As a matter of course, any human upbringing is a 360 degree, twenty-four-seven education in “thing”consciousness. What is not a “thing” either doesn’t exist or is simply imagined to be a ‘thing,’ like the atom. Like God. The end result? We recognise but do not see. The brain short-circuits. The brain, rightly assuming itself to be floating weightless in the dark, prefers recognition over seeing. It’s primary function being to convince itself that it is walking weightily in the light, the brain merely wants to know what is there. This is a footpath, that is a peach tree. I am now making love with my wife. Of course, it needs a minimum of information before it can recognise. But if the brain receives intelligence that what’s in front of it is a peach tree, it immediately superimposes the mental picture of a peach tree on top of reality, blanking out the tree, much in the same way that, given my tinnitus, I can no longer hear cicadas. To be conscious of an actual peach tree is of no particular importance to the brain. It only needs to know it is there and what it is.

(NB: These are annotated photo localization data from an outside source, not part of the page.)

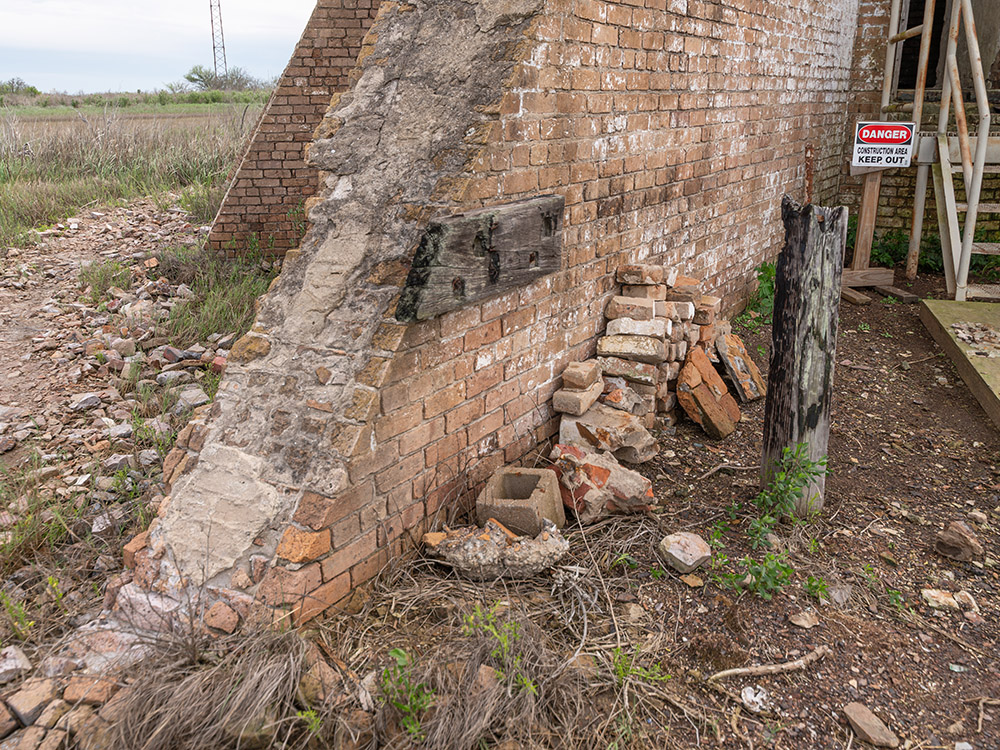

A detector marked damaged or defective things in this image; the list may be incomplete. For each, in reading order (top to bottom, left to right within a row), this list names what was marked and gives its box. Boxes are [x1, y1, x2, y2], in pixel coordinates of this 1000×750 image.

broken concrete chunk [616, 266, 664, 286]
broken concrete chunk [604, 296, 652, 322]
broken concrete chunk [604, 316, 668, 340]
broken concrete chunk [564, 362, 600, 390]
broken concrete chunk [596, 356, 660, 384]
broken concrete chunk [596, 338, 668, 368]
broken concrete chunk [716, 336, 768, 406]
broken concrete chunk [552, 382, 604, 418]
stack of broken brick [424, 264, 764, 580]
broken concrete chunk [560, 406, 660, 464]
broken concrete chunk [474, 468, 564, 536]
broken concrete chunk [548, 444, 656, 524]
broken concrete chunk [424, 524, 572, 580]
broken concrete chunk [656, 536, 712, 576]
broken concrete chunk [936, 524, 984, 564]
broken concrete chunk [840, 704, 904, 748]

In a nutshell? The brain don’t see too much. It needs glasses.
One obvious consequence of this is that it becomes very difficult to describe the world. It’s just so full of names.
Logically speaking, a “thing” as such can hardly be said to exist. It is a concept made up by The Lords Of Wandering Around In The Dark and spooned out to every infant from birth on. The concept of a “thing” is relative because nothing exists on its own.
In reality, if the human being were able to see, he or she would perceive nothing but relationships.
Erroneous dances of facts and angles.
Aches of any kind.
But if every single human being on the planet were able to see, would then all warring, all misunderstanding, all ugliness, hatred, stupidity, would all these be suddenly and irretrievably washed away by the overwhelming beauty of existence?
And when we looked back at our present lives after such a hypothetical flood, would we wonder what the fuss was all about?
Or then would we all starve to death, pretty much like the Neanderthals?